- Directed by: Brian A Miller
- Written by: Brian A Miller
- Produced by: Randall Emmett R.D. Miller Jr.
- Starring: Chris Klein; Adam Rodriguez; Richard T. Jones; Curtis "50 Cent" Jackson; Christine Lakin; Michael Matthias; Lyle Kanouse;
- Cinematography: William Eubank
- Edited by: Bob Mori
- Music by: Erin Davis
- Production companies: Miller Roth Films Cheetah Vision
- Distributed by: Fabrication Films; Lionsgate Home Entertainment (DVD); Gulf Film (Theatrical);
- Release date: July 13, 2010;
- Running time: 85 minutes
- Country: United States
- Language: English
- Budget: $1 million
- Box office: $11,850

= Caught in the Crossfire =

Caught in the Crossfire is 2010 American crime drama film directed by Brian A Miller. It stars Chris Klein, Adam Rodríguez, 50 Cent, and Richard T. Jones, and follows two police detectives who investigate a gang-related shooting and become the target of attacks from both gang members and corrupt cops.

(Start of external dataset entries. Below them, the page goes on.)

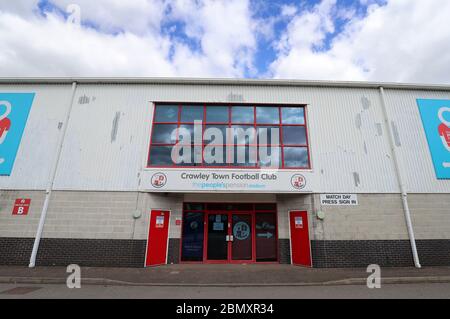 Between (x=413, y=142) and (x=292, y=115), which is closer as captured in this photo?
(x=413, y=142)

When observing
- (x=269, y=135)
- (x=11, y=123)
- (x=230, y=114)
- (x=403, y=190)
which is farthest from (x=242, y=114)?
(x=11, y=123)

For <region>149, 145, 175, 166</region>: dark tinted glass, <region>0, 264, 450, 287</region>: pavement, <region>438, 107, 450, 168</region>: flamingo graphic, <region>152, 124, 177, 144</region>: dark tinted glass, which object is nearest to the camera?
<region>0, 264, 450, 287</region>: pavement

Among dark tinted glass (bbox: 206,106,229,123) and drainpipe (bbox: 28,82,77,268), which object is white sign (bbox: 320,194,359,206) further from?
drainpipe (bbox: 28,82,77,268)

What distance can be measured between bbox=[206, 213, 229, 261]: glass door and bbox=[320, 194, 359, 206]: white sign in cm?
439

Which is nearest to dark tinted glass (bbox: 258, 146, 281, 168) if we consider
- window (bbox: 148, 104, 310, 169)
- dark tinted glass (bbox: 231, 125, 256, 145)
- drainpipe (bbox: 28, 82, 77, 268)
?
window (bbox: 148, 104, 310, 169)

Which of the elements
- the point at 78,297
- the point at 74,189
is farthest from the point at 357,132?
the point at 74,189

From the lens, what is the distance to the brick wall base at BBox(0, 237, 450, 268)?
828cm

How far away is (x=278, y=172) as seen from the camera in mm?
9195

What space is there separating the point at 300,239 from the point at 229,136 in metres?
5.49

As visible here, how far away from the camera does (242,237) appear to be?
9.84 m

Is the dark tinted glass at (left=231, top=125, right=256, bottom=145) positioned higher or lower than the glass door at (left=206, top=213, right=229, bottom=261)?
higher

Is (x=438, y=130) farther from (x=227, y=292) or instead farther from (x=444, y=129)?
(x=227, y=292)

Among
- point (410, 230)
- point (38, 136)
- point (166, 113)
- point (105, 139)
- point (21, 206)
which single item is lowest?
point (410, 230)

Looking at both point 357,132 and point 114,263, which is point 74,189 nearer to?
point 114,263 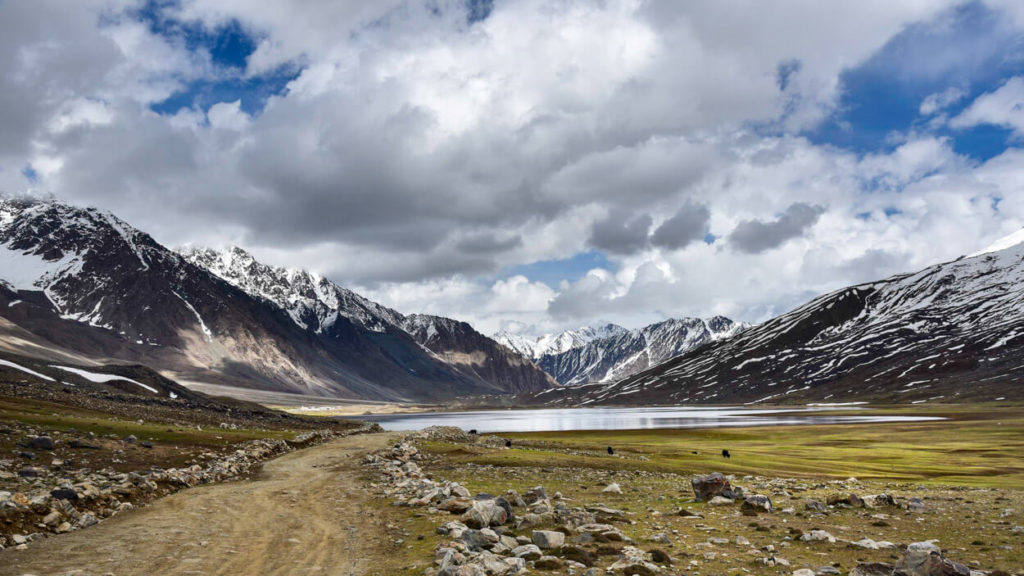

The film was released direct-to-video on July 13, 2010.

== Premise ==

Two detectives caught in a crossfire between dirty cops and gangland members.

== Cast ==
- Chris Klein as Briggs
- Adam Rodríguez as Shepherd
- 50 Cent as Tino
- Richard T. Jones as Captain Emmett
- Christine Lakin as Tracy
- Michael Matthias as Lieutenant Michaels
- Lyle Kanouse as Detective Evans
- R.D. Miller Jr. as Benton
- Brian A Miller as A.D.A. Kevin Andrews
- Sydney Hall as Michael Pips
- Tim Fields as Lerner
- Roy Oraschin as Johnson
- Alyssa Julya Smith as Sarah Jackson
- Kurt Race as Andre Cruz

== Production ==
In June 2009, 50 Cent, Chris Klein and Adam Rodriguez were cast in Caught in the Crossfire. Part of the filming took place in Grand Rapids, Michigan.

== Release ==
Caught in the Crossfire premiered on May 11, 2010, at the Celebration Cinema North in Grand Rapids, Michigan. The film was released direct-to-video by Lionsgate Home Entertainment on July 13, 2010.